Kim Youngjun, Riloff Ellen, Hurdle John F
School of Computing, University of Utah, Salt Lake City, UT.
Department of Biomedical Informatics, University of Utah, Salt Lake City, UT.
AMIA Annu Symp Proc. 2015 Nov 5;2015:737-46. eCollection 2015.
Our research investigates methods for creating effective concept extractors for specialty clinical notes. First, we present three new "specialty area" datasets consisting of Cardiology, Neurology, and Orthopedics clinical notes manually annotated with medical concepts. We analyze the medical concepts in each dataset and compare with the widely used i2b2 2010 corpus. Second, we create several types of concept extraction models and examine the effects of training supervised learners with specialty area data versus i2b2 data. We find substantial differences in performance across the datasets, and obtain the best results for all three specialty areas by training with both i2b2 and specialty data. Third, we explore strategies to improve concept extraction on specialty notes with ensemble methods. We compare two types of ensemble methods (Voting/Stacking) and a domain adaptation model, and show that a Stacked ensemble of classifiers trained with i2b2 and specialty data yields the best performance.

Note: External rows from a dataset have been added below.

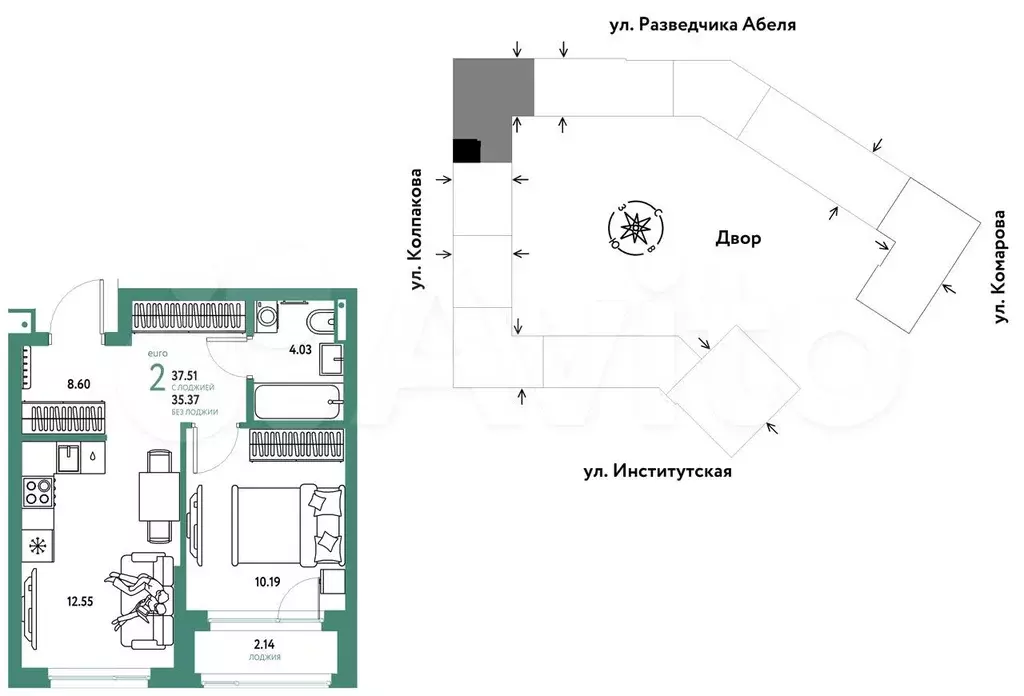 2-к. квартира, 37,5 м, 8/25 эт. - Фото 0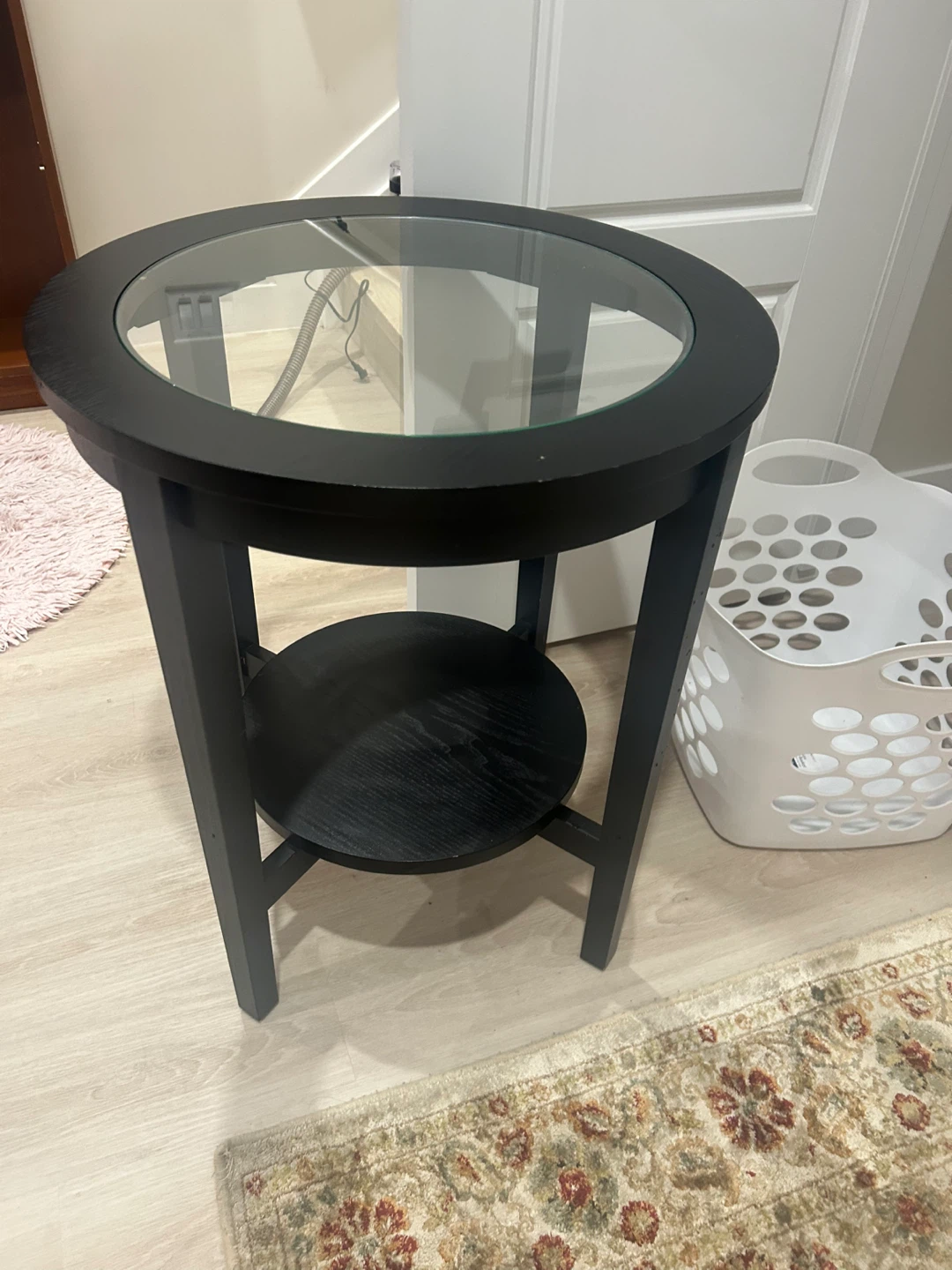 Black Round End Table with Glass Top - photo 2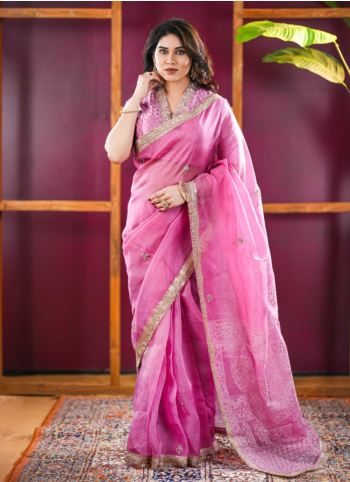 Pink Organza Saree With Readymade Blouse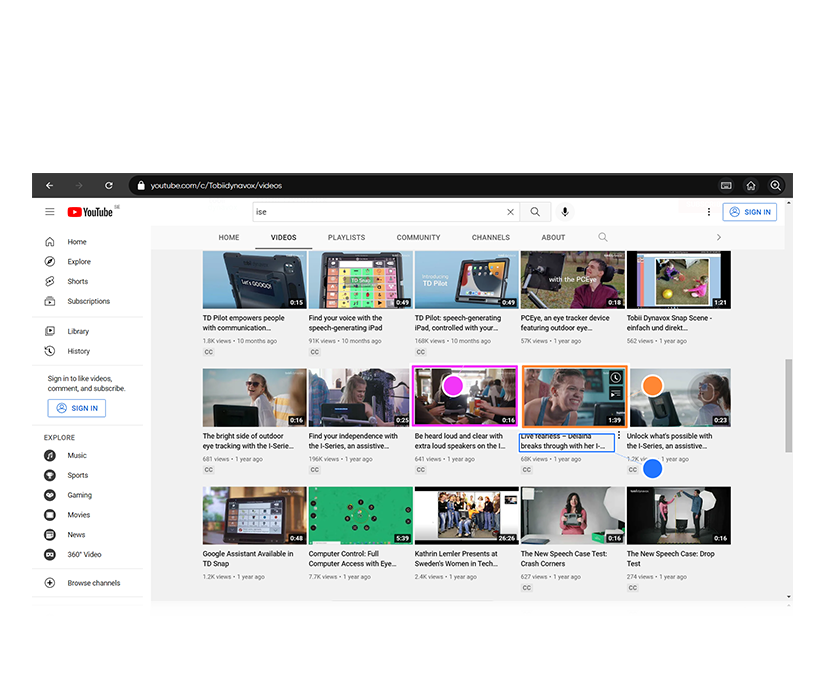  TD Browse von Tobii Dynavox mit Klick-Funktion mit Hilfe von Farbpunkten 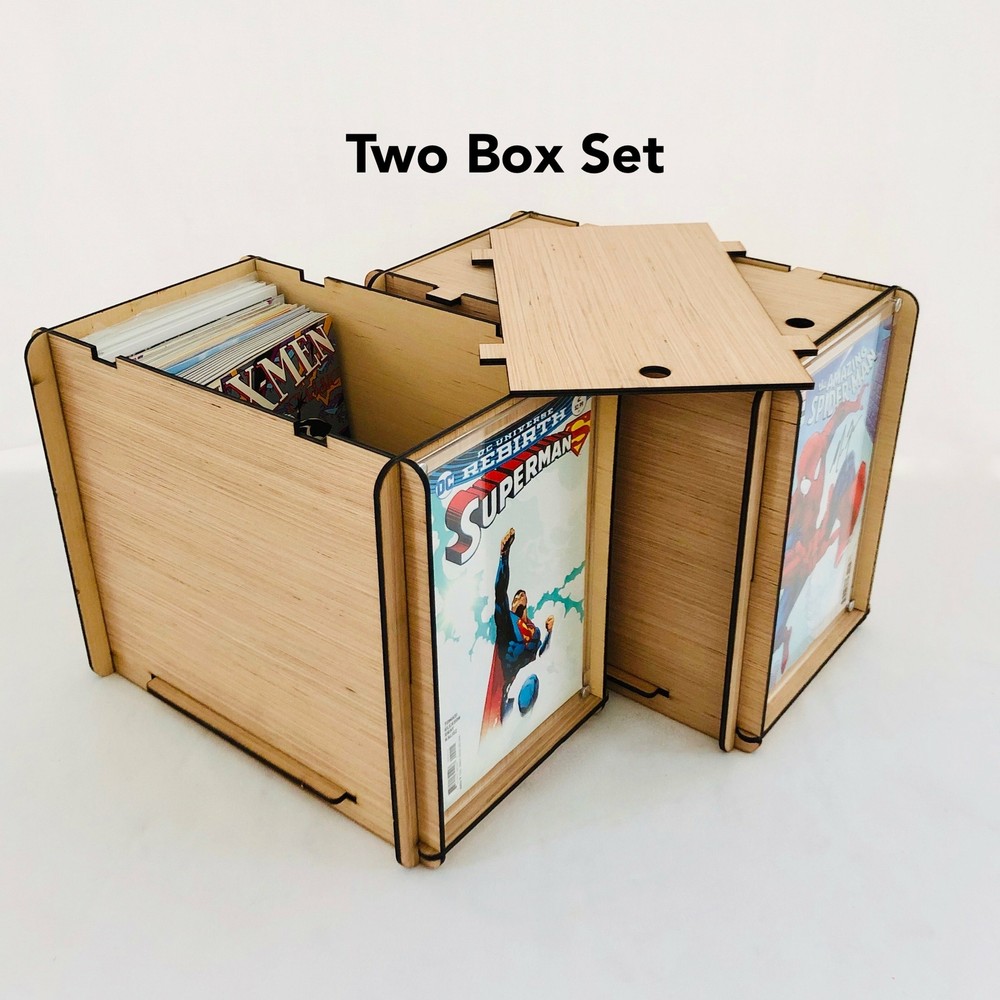 Two Pack Comic Book Storage Boxes & Acrylic Frames - One for a Gift-One for You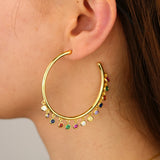 BOHO 45mm Hoop Earrings with Rainbow CZ Bezel Setting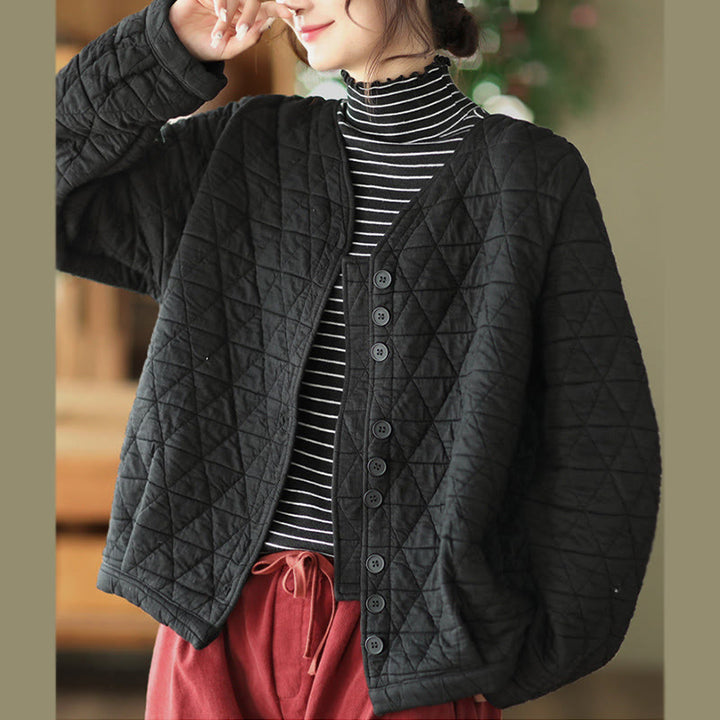 Veste thermique d'hiver pour femme en coton à manches longues et motif losanges Buddha Stones, avec poches - image 7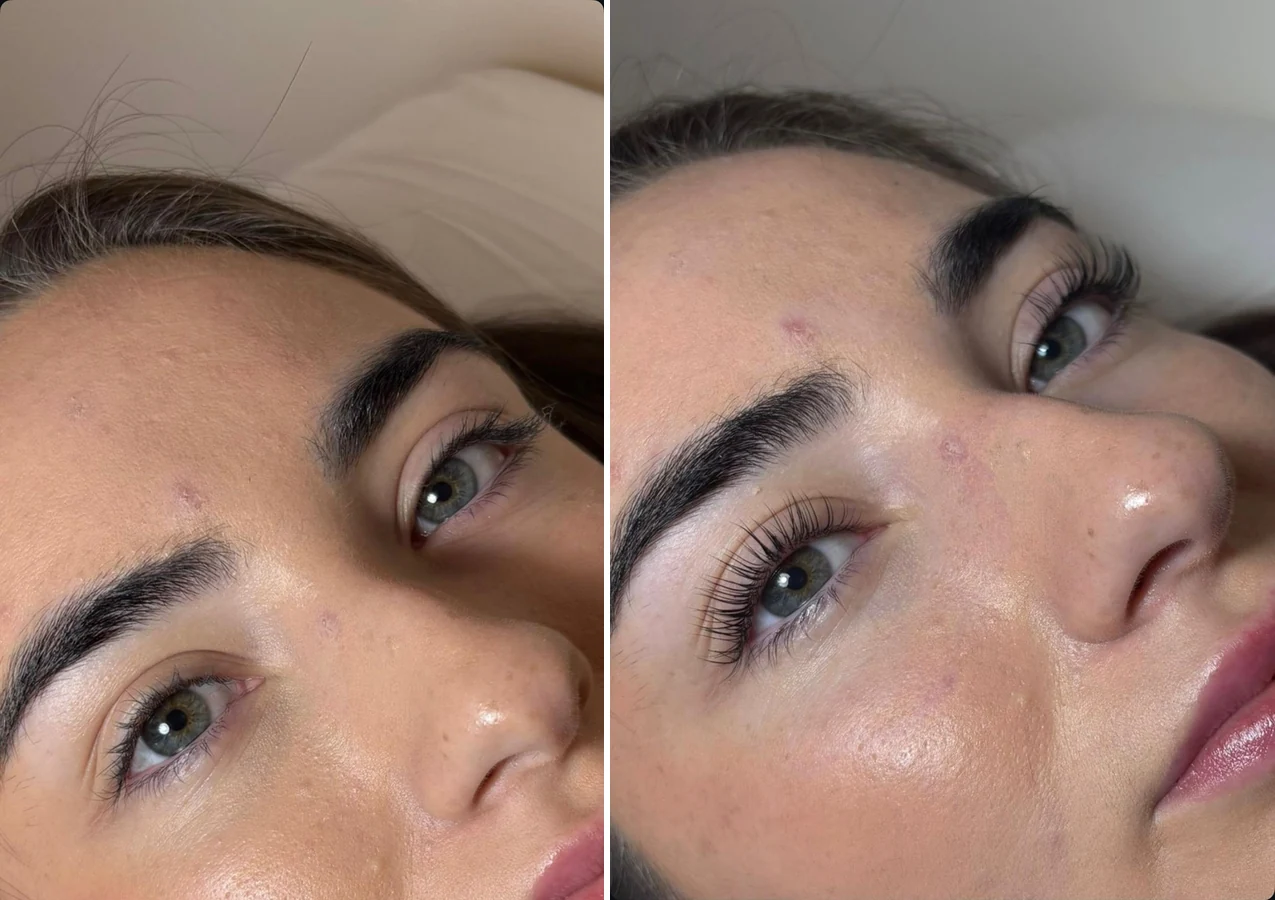 Lash lift before and after showing lifted, tinted natural lashes, Capel Street Dublin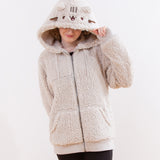 Model wearing the Pusheen Character hoodie, pulling the hood over their eyes to showcase Pusheen's face on the hood. The hoodie takes on a cone shape, and the hoodie is slightly baggy.
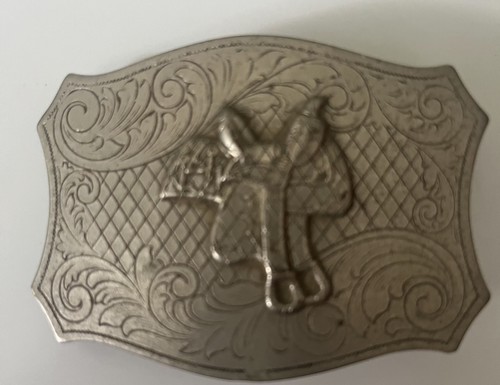 Vtg Western Cowboy Horse Saddle Belt Buckle Nickel Plated Hand Polished Engraved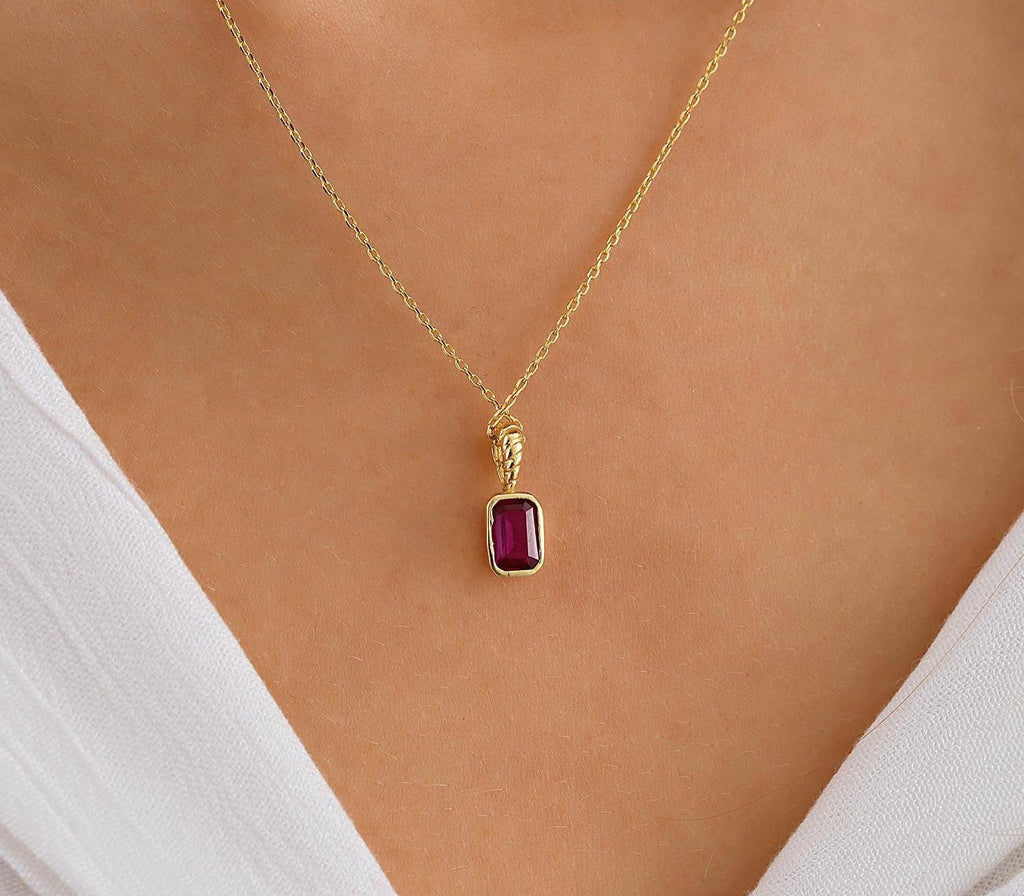 10K Dainty initial Ruby Pendant, 14K Solid Gold Ruby Necklace, Birthday Gift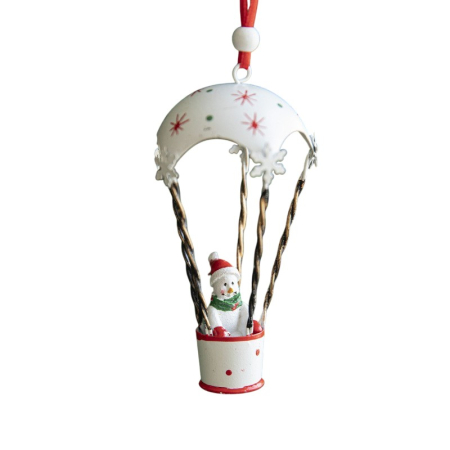 Figurina pentru Brad de Craciun, Flippy, Model Om de Zapada in Balon cu Aer Cald, Ornament pentru Brad, din Metal, 11 x 5.5 x 5.5 cm, Alb [6]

我们的研究探讨了为专科临床记录创建有效概念提取器的方法。首先,我们展示了三个新的“专科领域”数据集,这些数据集由心脏病学、神经病学和骨科学临床记录组成,并手动标注了医学概念。我们分析了每个数据集中的医学概念,并与广泛使用的i2b2 2010语料库进行比较。其次,我们创建了几种类型的概念提取模型,并研究使用专科领域数据与i2b2数据训练监督学习器的效果。我们发现不同数据集的性能存在显著差异,通过同时使用i2b2数据和专科数据进行训练,在所有三个专科领域都取得了最佳结果。第三,我们探索使用集成方法改进专科记录概念提取的策略。我们比较了两种类型的集成方法(投票/堆叠)和一个领域适应模型,并表明使用i2b2数据和专科数据训练的堆叠分类器集成产生了最佳性能。